Disruption management in railway networks – Dr. Francesco Corman

speaker wrings hands expressively

Dr. Francesco Corman presents seminar at University of Toronto, March 28, 2019

Dr. Francesco Corman of ETH Zurich presented a special guest lecture at University of Toronto on March 28, 2019. His talk “Disruption management in railway networks” was well attended.

Dr. Corman shares his presentation PDF file here.

two converse

Post-seminar discussion, Dr. Francesco Corman lecture, March 28, 2019

two pose against wall

Professor Amer Shalaby, left, with visiting guest speaker Dr. Francesco Corman, March 28, 2019


Abstract

A major problem of public transport, and railways in particular, is to improve quality of operations by updating an offline timetable to the ever changing delays situation, in order to improve performance of the transport system. In railway systems, this relates to reduce train delays by reordering, retiming, or rerouting trains, and/or change connection plans and route advised to passengers, to improve their traveltime.

Key point of research is the interaction between the problem (of the infrastructure manager) to reschedule trains and the problem (of the travellers) to find the optimal route in the network. In fact, changing passenger flows, respectively delaying trains and/or dropping passenger connections, varies the setting under which the two decision makers respectively interact. The interaction of the two decisions makers is mediated by the information one decision maker has about the other, and the service which is offered/used.
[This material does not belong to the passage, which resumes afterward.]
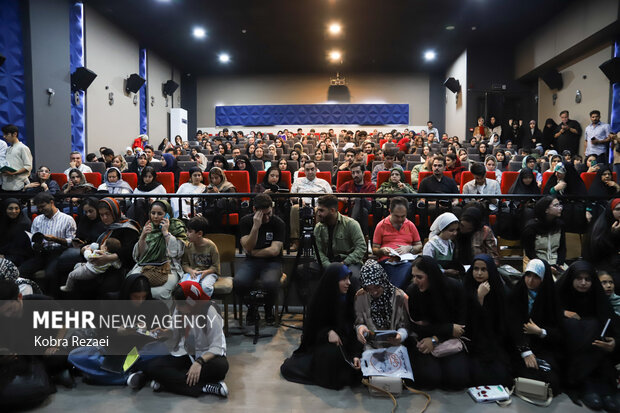 برگزاری جشن امضای کتاب «نیست» اثر فاضل نظری در مشهد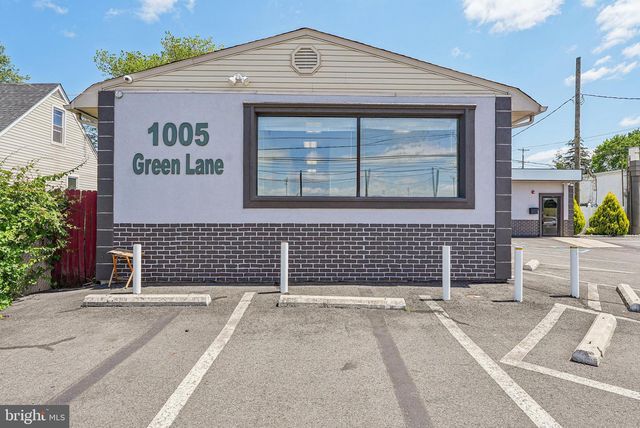 1005 GREEN LN, Levittown, PA 19057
We report different methods to address this dilemma, by agent based simulations, by game-theoretical approaches, and by estimating models of human behavior based on observed actions.

Short Biography

Francesco Corman holds the chair of Transport Systems at the Institute of Transport Planning and Systems, Swiss Federal Institute of Technology, ETH Zurich, Switzerland. He has a PhD in Transport Sciences from TUDelft, the Netherlands, on operations research techniques for realtime railway traffic control. He has academic experience at KU Leuven, Belgium and TUDelft as research associate in transportation and logistics. Main research interests are in the application of quantitative methods and operations research to transport sciences, especially on the operational perspective, public transport, railways and logistics.